Dataset items
◆ ◆ ◆

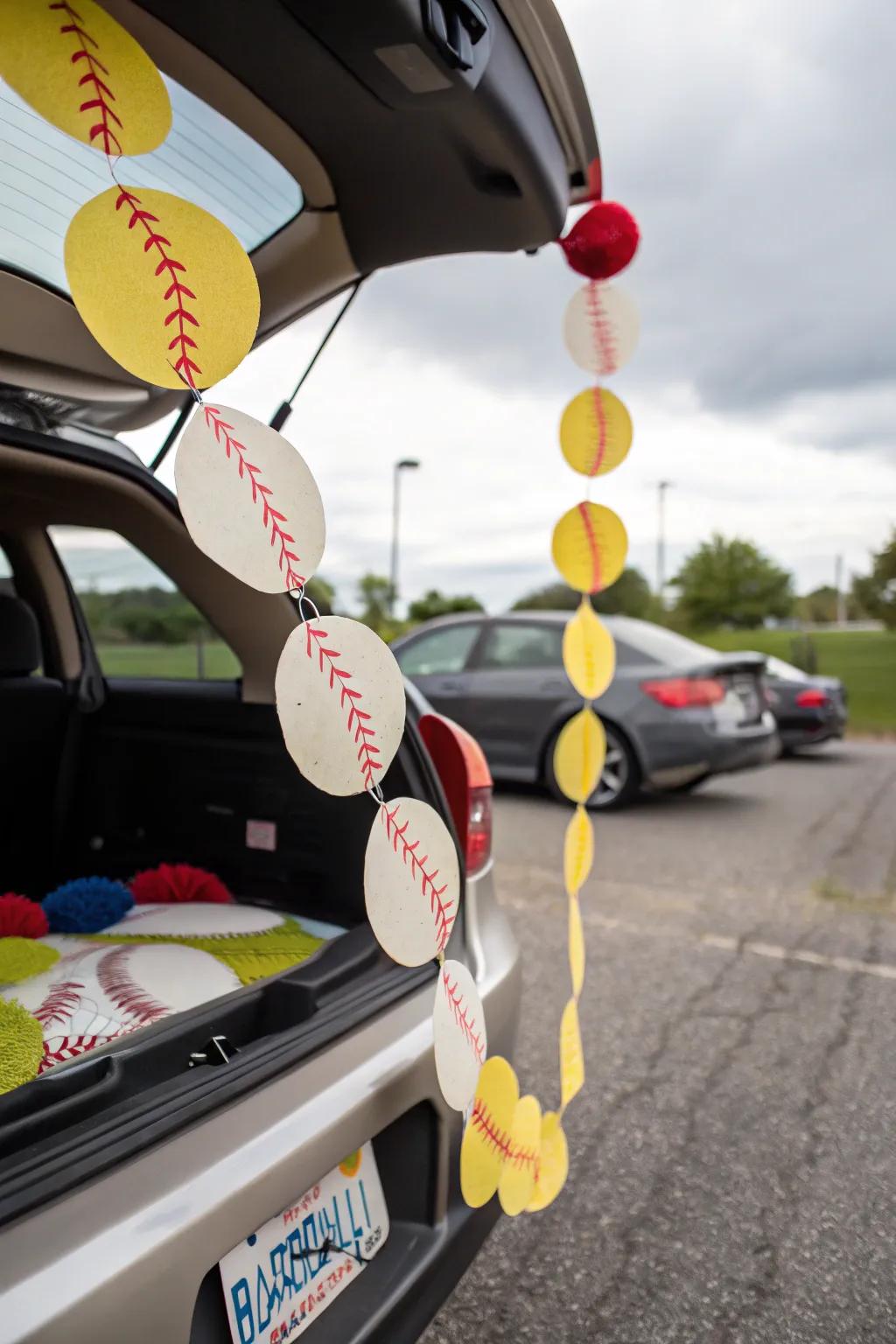 A DIY baseball garland adds a festive touch to your trunk setup.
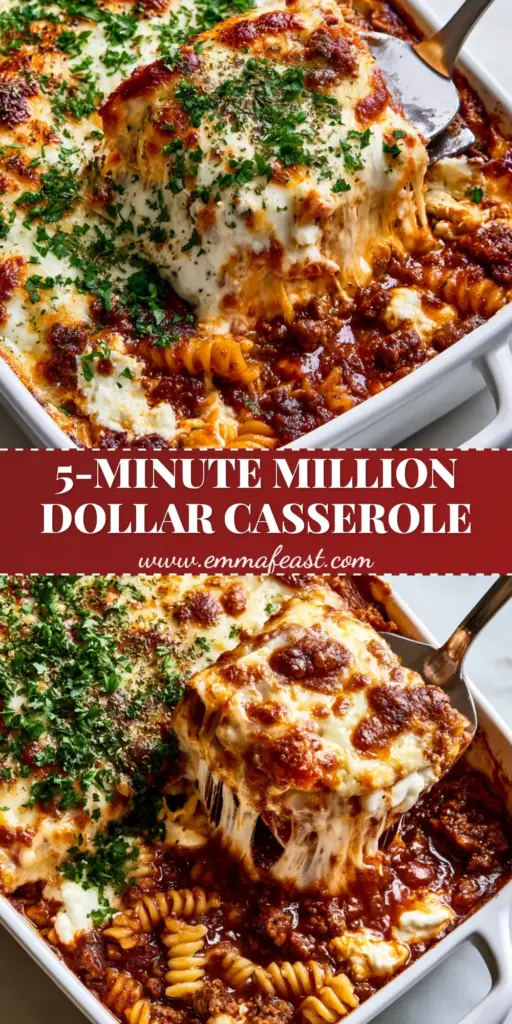 A close-up vertical shot of a Million Dollar Ground Beef Casserole featuring bubbling mozzarella cheese and a large spatula lift showing a stretchy cheese pull. (Casserole)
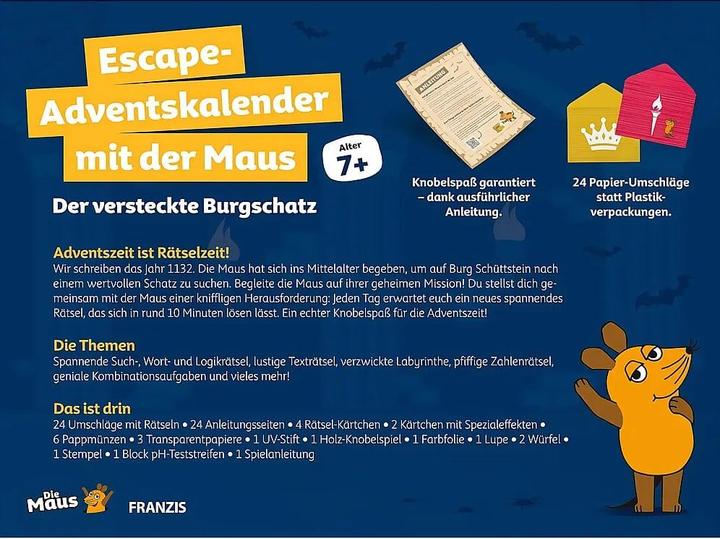 Produktbild Franzis Escape-Adventskalender mit der Maus - Der versteckte Burgschatz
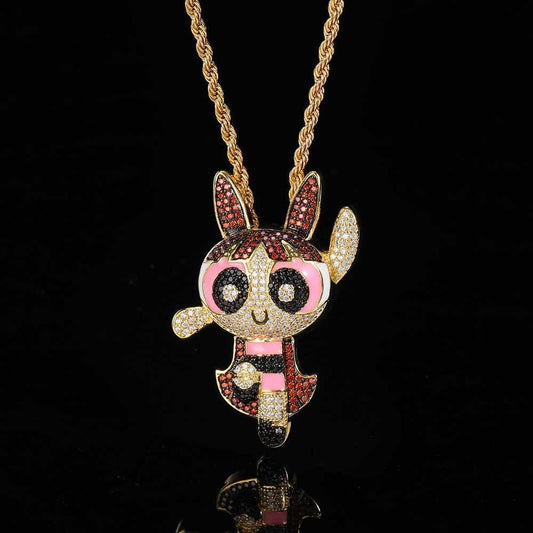 Cartoon Powerpuff Girls Pendant Necklace with Copper Frame and Zircon Stones for Men | Caratix Jewelry - CaratixJewelry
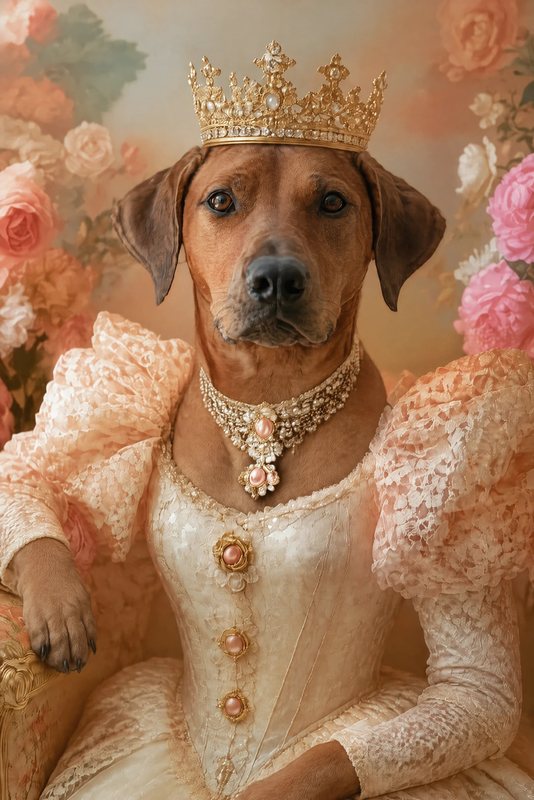 The Royal Queen look made with a red-brown hound
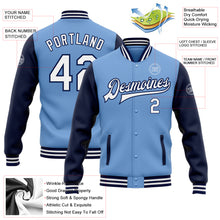 Load image into Gallery viewer, Custom Light Blue White-Navy Bomber Full-Snap Varsity Letterman Two Tone Jacket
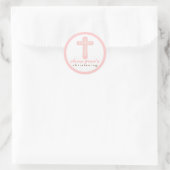Sweet Pink Religious Celebration Cross Ronde Sticker (Tas)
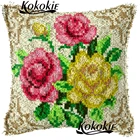 Набор подушек с застежкой-крючком, тканевый Набор для вышивки крестиком, с цветами, вязаный крючком коврик, наволочка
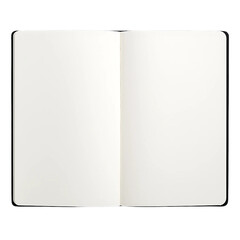 Blank Open Notebook - Black Cover - Minimalist Stationery Template Isolated transparent background 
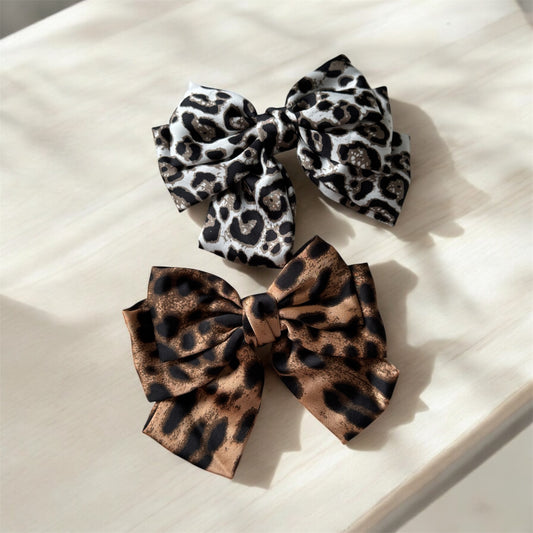 Animal Print Bow Barrette Clip: Wild & Stylish Hair Accessory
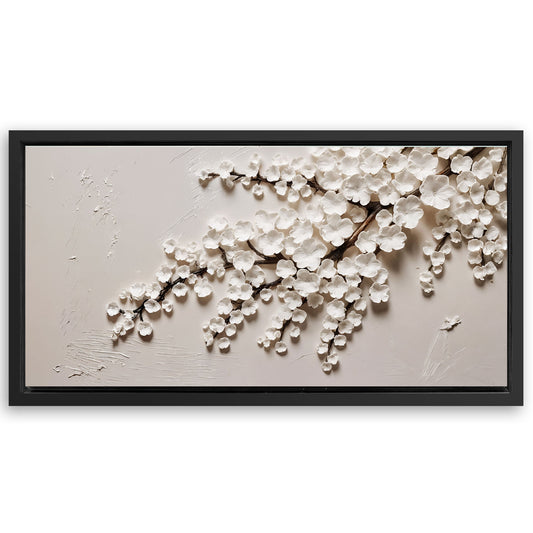 Save 33% When You Add A Frame To Your 20x10 White Cherry Blossom Wall Art Canvas Now
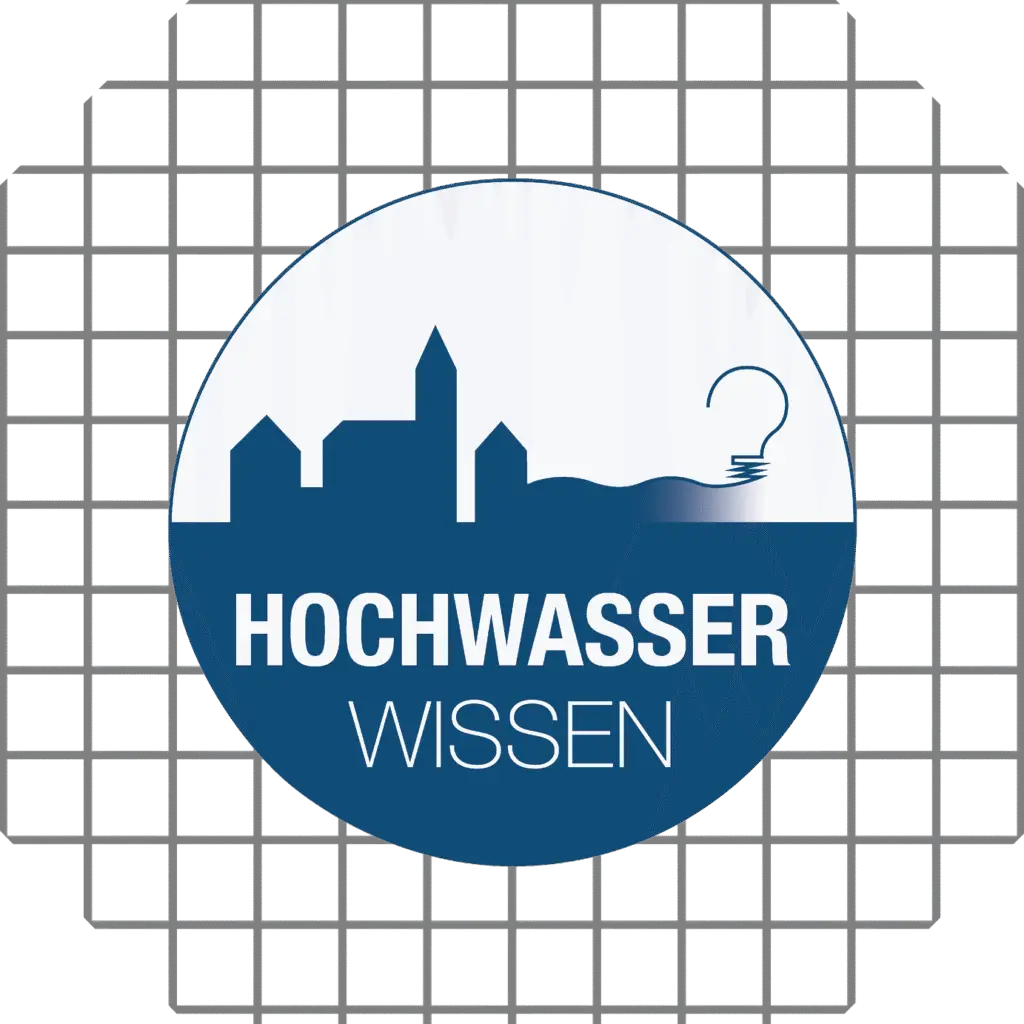 Hochwasserwissen Logo mit grafischer Darstellung des Weißraums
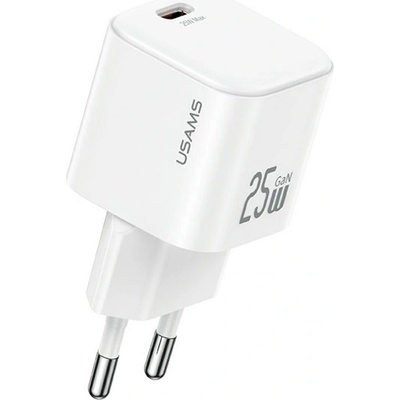 USAMS Зарядно устройство USAMS JC MINI за захранване от мрежата Type-C с гнездо 25W, GaN, FEHÉR CC289TC02 (CC289TC02)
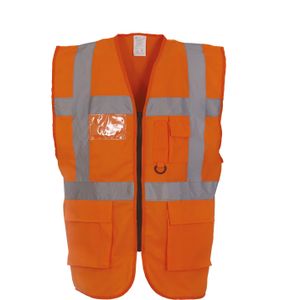 Herren Multi-Functional Executive Waistcoat - Farbe: Hi-Vis Orange - Größe: L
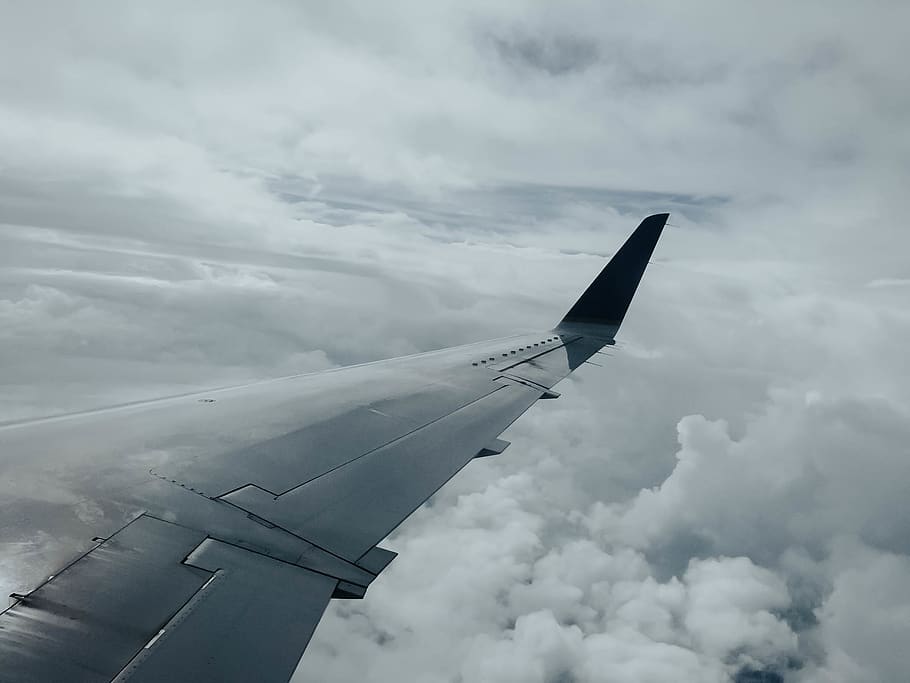 travel, plane, flying, clouds, cloud - sky, air vehicle, airplane HD wallpaper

◆ ◆ ◆

# What the exercise asks:
Once the line holding "Blank Open Notebook" is found, copy it and each later line exactly through the end of the data, leaving out the pictures.

# Solution to this task:
 Blank Open Notebook - Black Cover - Minimalist Stationery Template Isolated transparent background 
 Animal Print Bow Barrette Clip: Wild & Stylish Hair Accessory
 Save 33% When You Add A Frame To Your 20x10 White Cherry Blossom Wall Art Canvas Now
 Hochwasserwissen Logo mit grafischer Darstellung des Weißraums
 USAMS Зарядно устройство USAMS JC MINI за захранване от мрежата Type-C с гнездо 25W, GaN, FEHÉR CC289TC02 (CC289TC02)
 Herren Multi-Functional Executive Waistcoat - Farbe: Hi-Vis Orange - Größe: L
 travel, plane, flying, clouds, cloud - sky, air vehicle, airplane HD wallpaper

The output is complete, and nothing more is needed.